Here are 2 items that document more of the charges the science-bashing, military-complex rewarding Bush administration made decisions that some are already calling criminally negligent, or at best, “Unintelligent Design”.  kwc

Iraq 100, Louisiana 8

By Will Bunch, Attytood, Posted on September 7, 2005

Is it possible to actually quantify how screwed up the priorities of the Bush cabal in Washington have been? Usually not. But when it comes to the issue of wetlands -- the natural buffer that could have protected New Orleans against a deadly storm surge liked the one that essentially wiped out the city last week -- the answer is "yes."

 

In 2004 -- at a time when George W. Bush was running for re-election and presumably courting votes in Louisiana, a potential swing state -- the White House proposed spending a whopping 12 1/3 times as much taxpayer money restoring wetlands in southern Iraq as he planned to spend on the same task in the Mississippi Delta.  Before Congress intervened, the Bush administration asked for $100 million to restore the Iraqi marshlands, drained and destroyed by Saddam Hussein, to its status as -- according to legend -- the Biblical "Garden of Eden."

 

The proposed funding that year for the Louisiana wetlands, heavily damaged by overdevelopment, was just $8 million. In the aftermath of Hurricane Katrina, the city once buffered by those disappearing wetlands is now Hell on Earth.

 

Even though the Iraq wetlands project didn't get the federal dollars, it did get the next best thing: American know-how. And so some of the best minds who were supposed to be studying and improving Louisiana's environment instead found themselves in the Persian Gulf.

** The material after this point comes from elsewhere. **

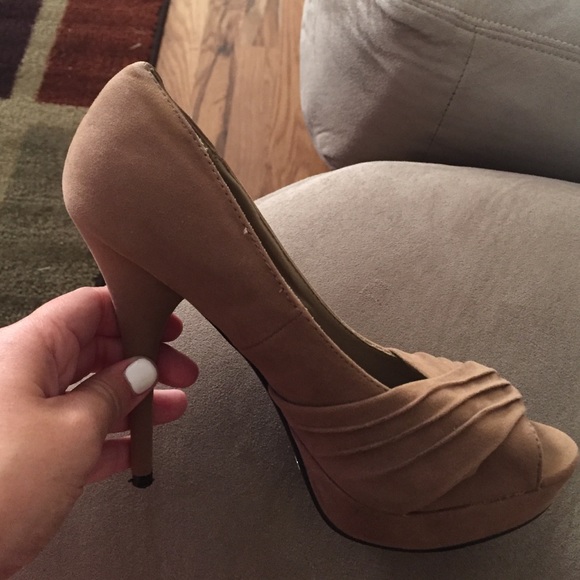 Nude heels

This is from an April 24, 2004, article in the New Orleans Times-Picayune:

Corps officials involved in restoring Louisiana's wetlands also have been sent to assist those fighting in and rebuilding Iraq, including oversight of a similar wetlands restoration project there, he said. Ed Theriot, a Vicksburg-based engineer who had directed the Louisiana Coastal Area Ecosystem Restoration Study, was sent to Iraq four months ago to oversee the restoration of the "Garden of Eden" wetlands at the mouth of the Tigris and Euphrates rivers that were destroyed by Saddam Hussein in the 1990s.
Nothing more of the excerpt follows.